[Required work] Without including any image, repeat every record exactly.

*** Dataset records ***

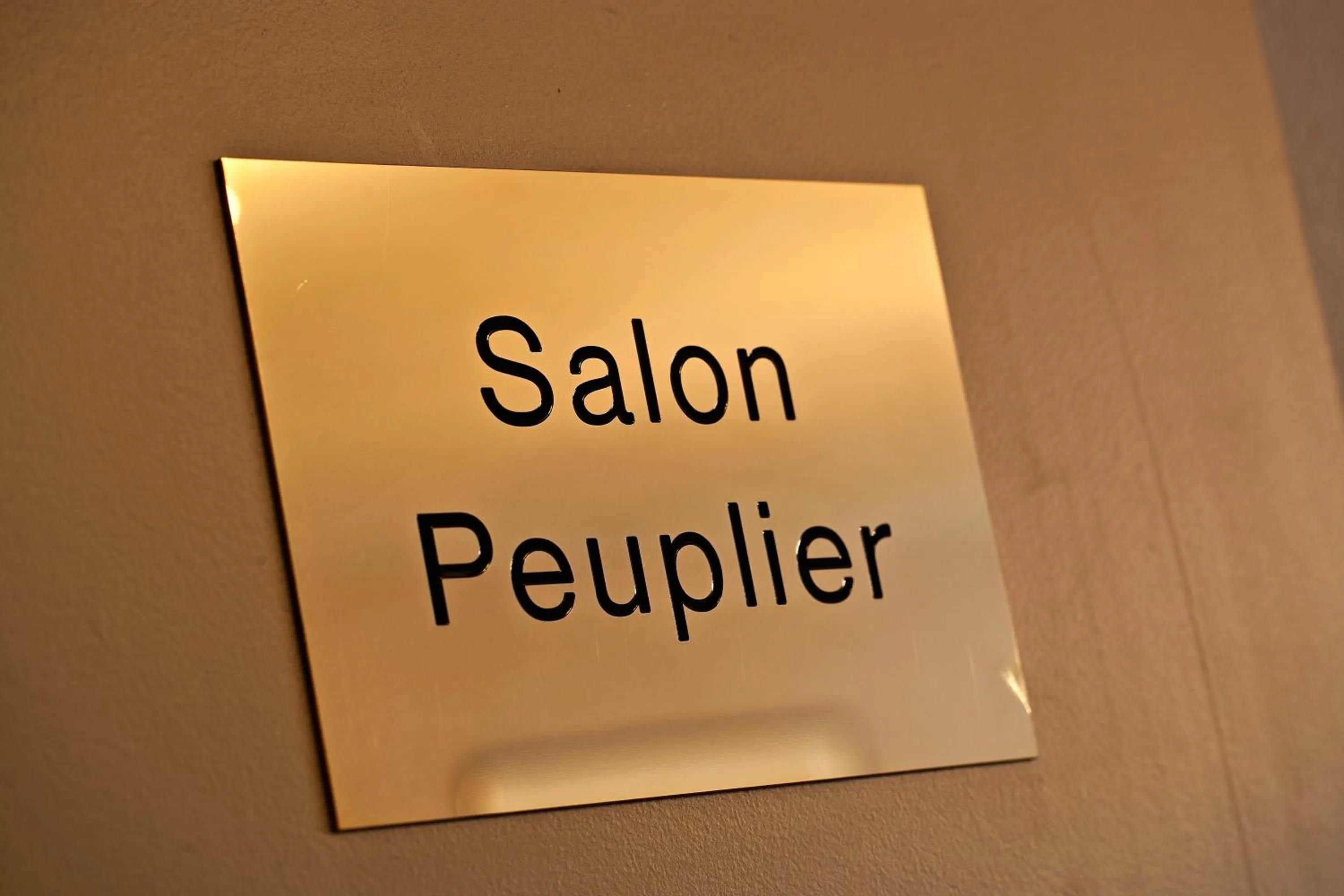 Banquet/Function facilities in Logis Cottage Hotel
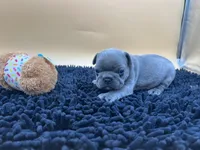 Gun powder, a male French Bulldog for sale in Havana, AR – Photo 10 of 10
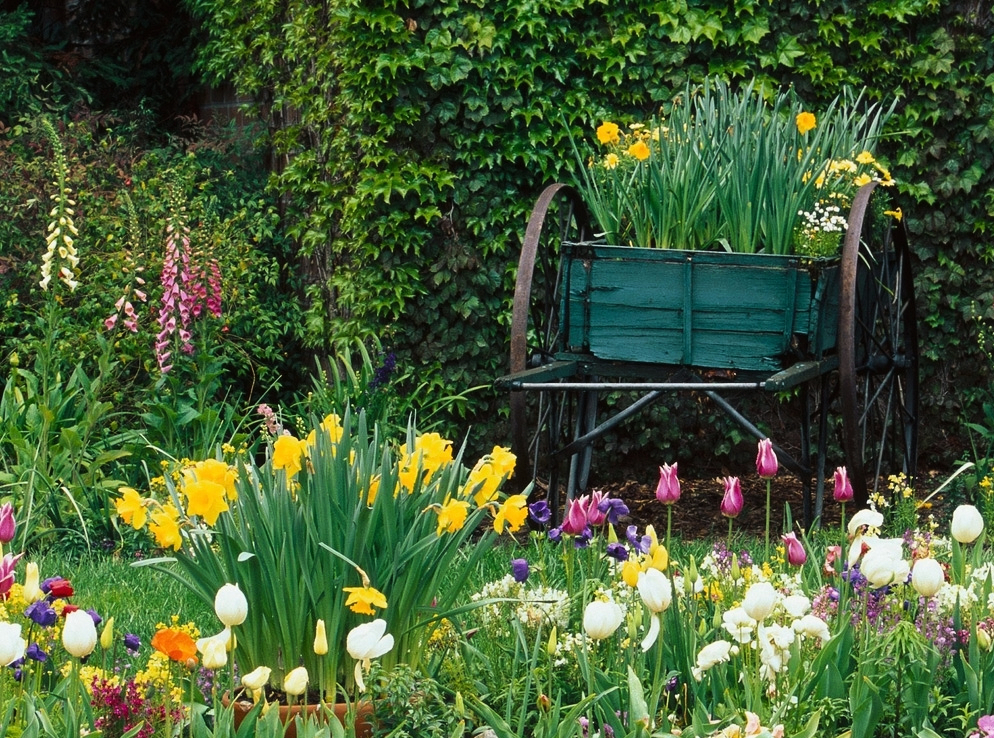 这几天出生的宝宝,男孩旺母女孩旺父,长大必定有出息,光宗耀祖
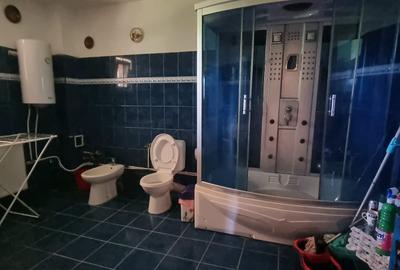 Casă rezidențială cu mansardă și garaj, teren 5000mp, Cateasca, Arges - 8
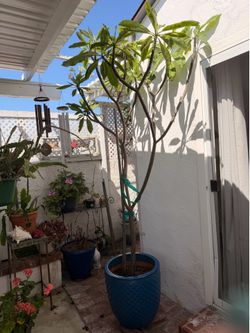 Plumeria plant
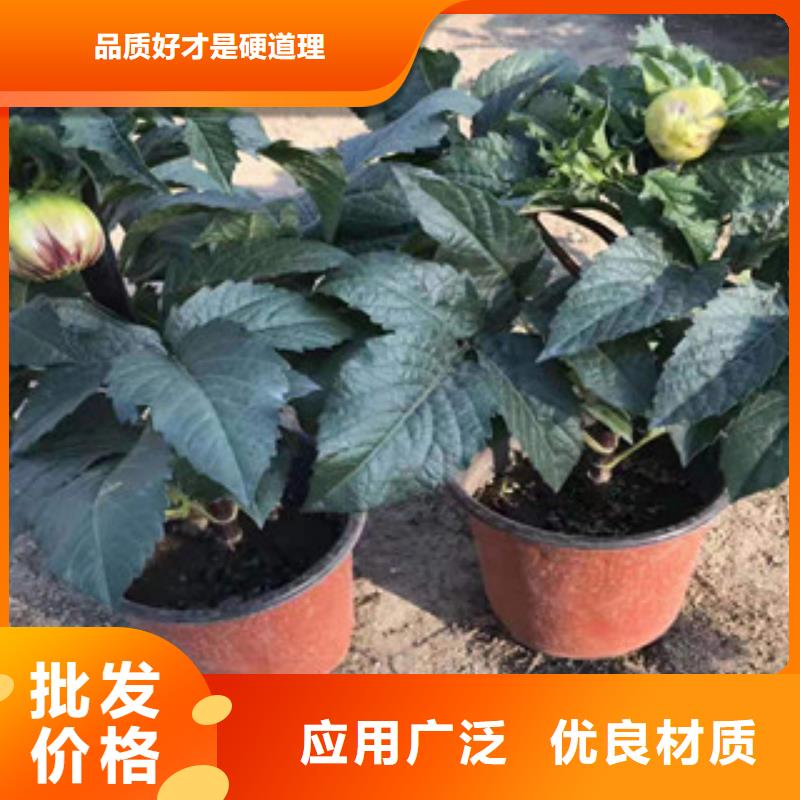 《绿九州》广安优质针叶天蓝绣球栽植成活率高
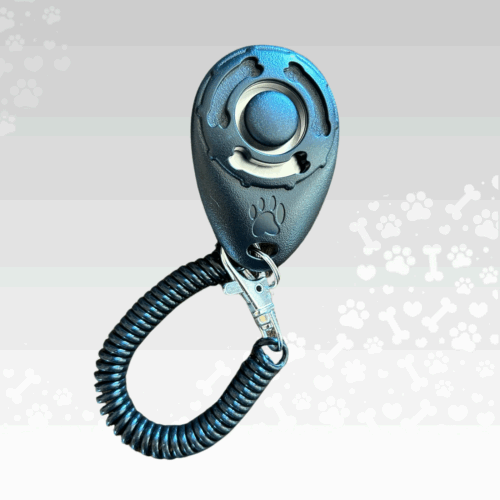 Clicker con elástico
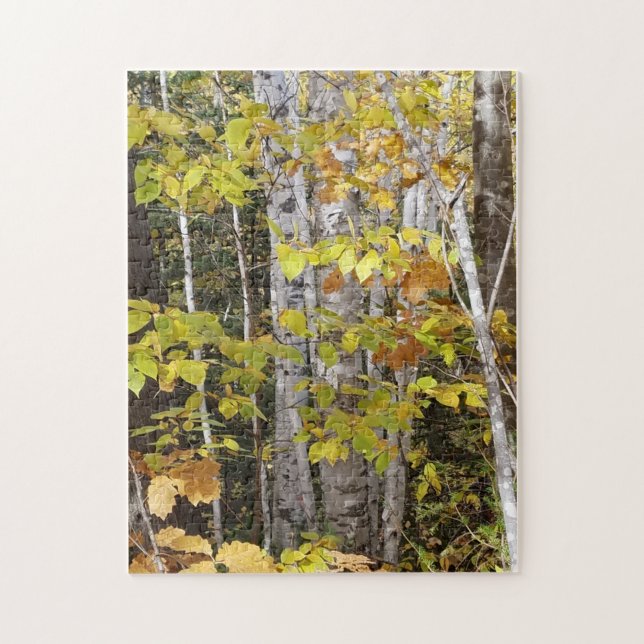 White Birch in Autumn Puzzle (Vertikal)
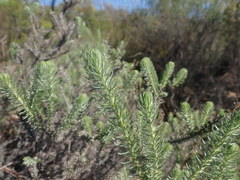 Myrovernix glandulosus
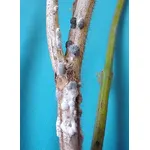 Sclerotinia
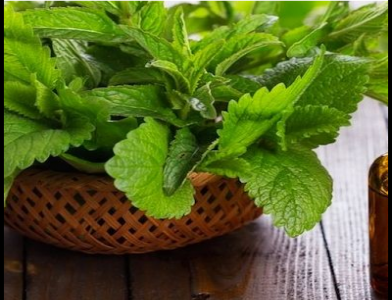 薄荷油的功效與作用及禁忌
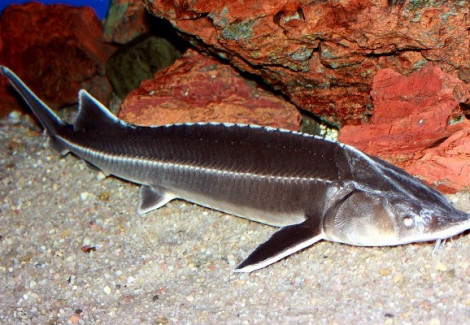 A. Ruthenus (Eu-Bred) 25/30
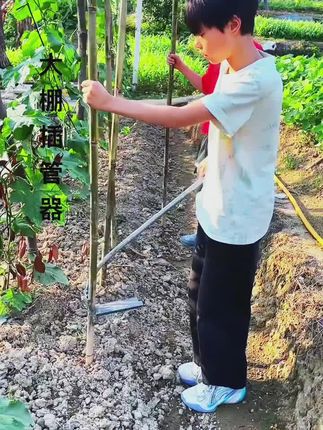 农用插管器三农拔管器#上热搜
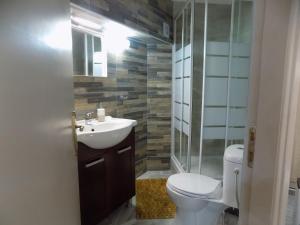Semi-Basement Apartment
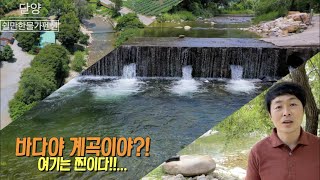 [episode.16] 단양 쉴만한물가펜션!! 시설보다 계곡이지~!!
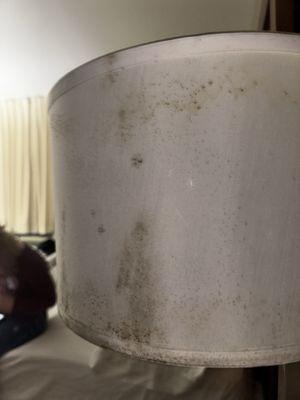 moldy lampshades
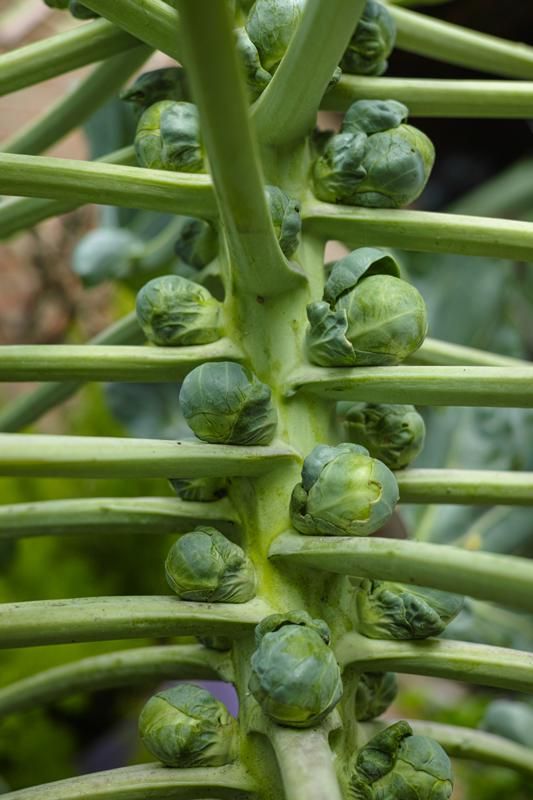 Brussels-sprouts.jpg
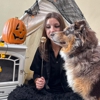 PlayStayTion Pet Resort & Training gallery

*** End of Dataset records ***

[Output of the task]
 Banquet/Function facilities in Logis Cottage Hotel
 Gun powder, a male French Bulldog for sale in Havana, AR – Photo 10 of 10
 这几天出生的宝宝,男孩旺母女孩旺父,长大必定有出息,光宗耀祖
 Casă rezidențială cu mansardă și garaj, teren 5000mp, Cateasca, Arges - 8
 Plumeria plant
 《绿九州》广安优质针叶天蓝绣球栽植成活率高
 Clicker con elástico
 White Birch in Autumn Puzzle (Vertikal)
 Myrovernix glandulosus
 Sclerotinia
 薄荷油的功效與作用及禁忌
 A. Ruthenus (Eu-Bred) 25/30
 农用插管器三农拔管器#上热搜
Semi-Basement Apartment
 [episode.16] 단양 쉴만한물가펜션!! 시설보다 계곡이지~!!
 moldy lampshades
 Brussels-sprouts.jpg
 PlayStayTion Pet Resort & Training gallery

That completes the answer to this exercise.